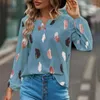 Kadın bluzları tüy baskı tişört v bahar sonbahar mevsimlerinde kadınlar için gevşek fit sokak kıyafetleri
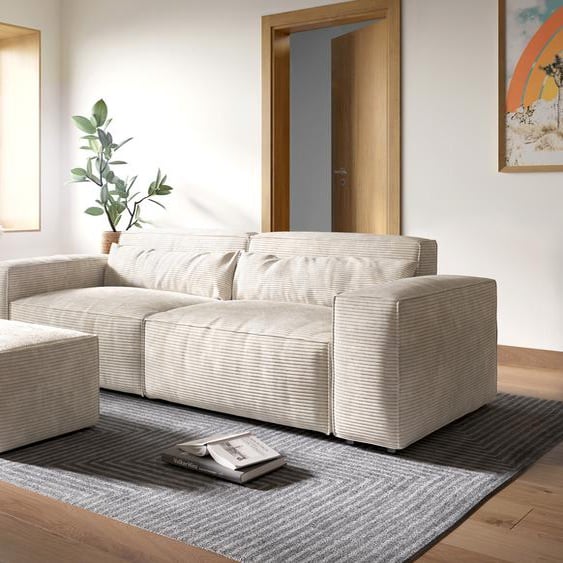 Big-Sofa Sirpio XL 270x130 cm Velours côtelé Beige avec Tabouret, Grands canapés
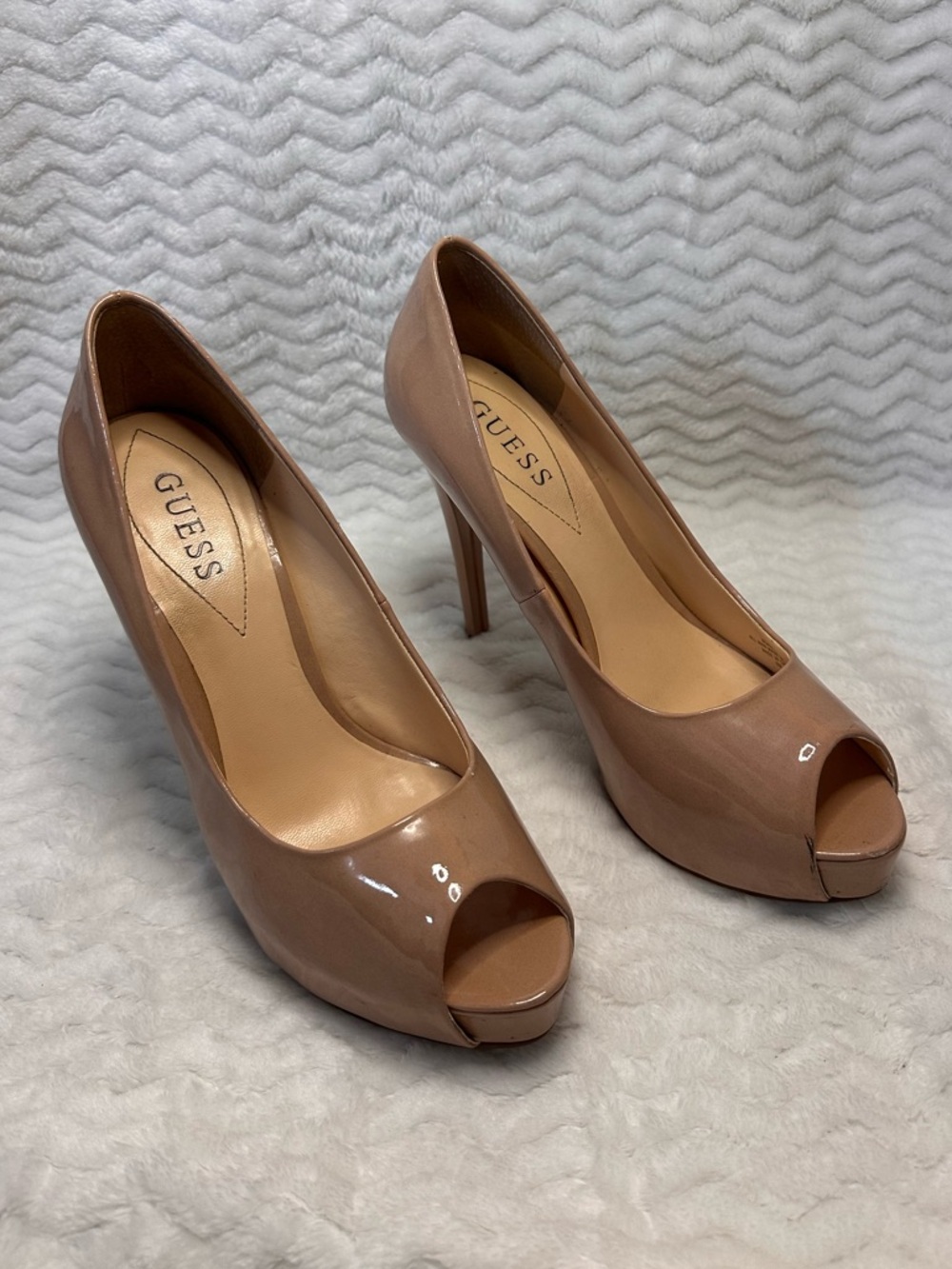 GUESS Beige Patent Peep-Toe Stiletto Pumps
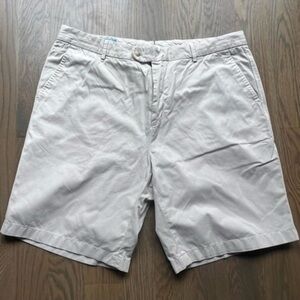 J McLaughlin Shorts Mens Size 40 Solid Khaki Flat Front Cotton Chino academia E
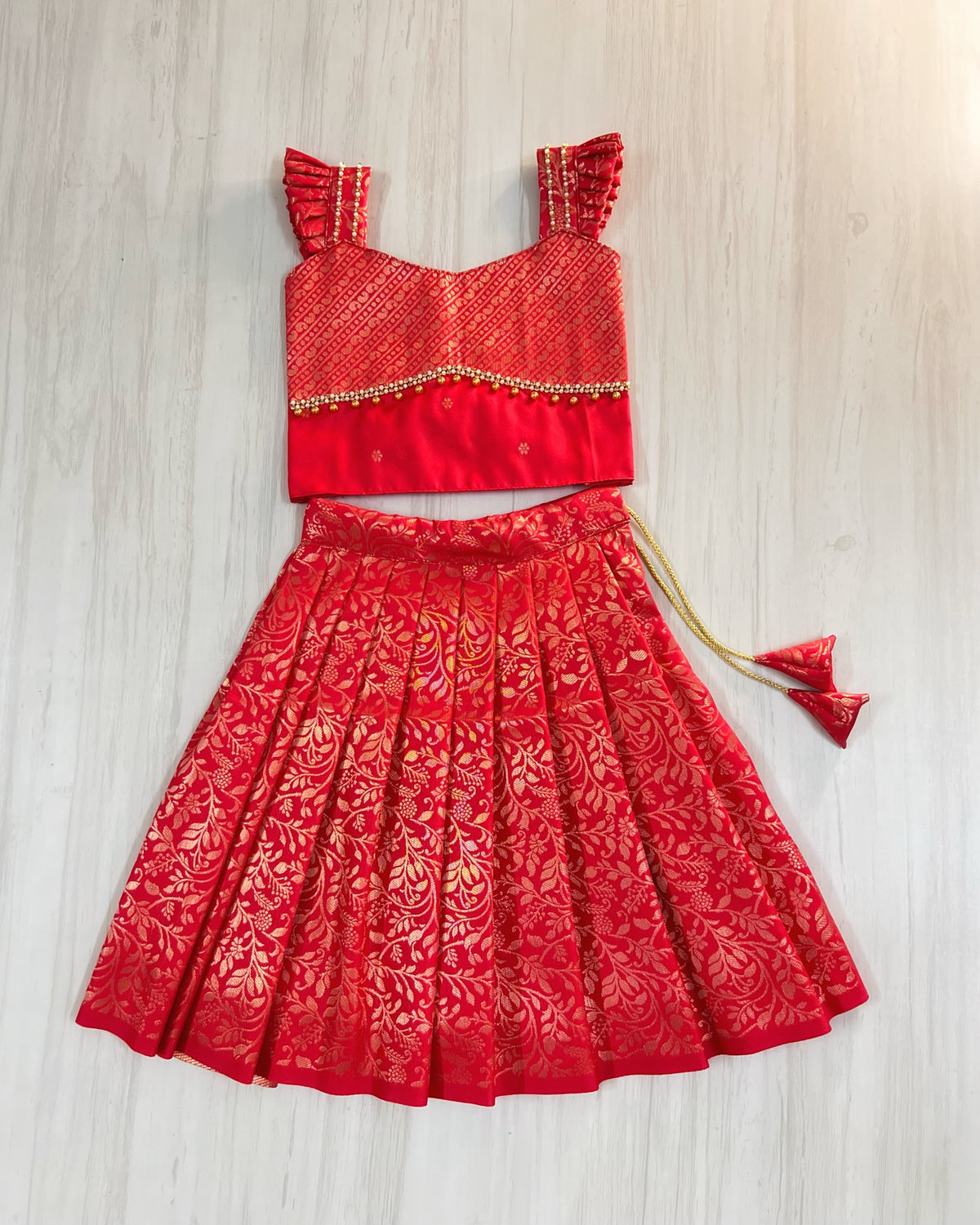 Cherry Sorbet Cute Angel Sleeves Traditional Lehenga Set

* TASK ITEM *
Repeat the records in full, exactly as they appear, but with the pictures removed.

* PROBLEM SOLUTION *
 Kadın bluzları tüy baskı tişört v bahar sonbahar mevsimlerinde kadınlar için gevşek fit sokak kıyafetleri
 Big-Sofa Sirpio XL 270x130 cm Velours côtelé Beige avec Tabouret, Grands canapés
 GUESS Beige Patent Peep-Toe Stiletto Pumps
 J McLaughlin Shorts Mens Size 40 Solid Khaki Flat Front Cotton Chino academia E
 Cherry Sorbet Cute Angel Sleeves Traditional Lehenga Set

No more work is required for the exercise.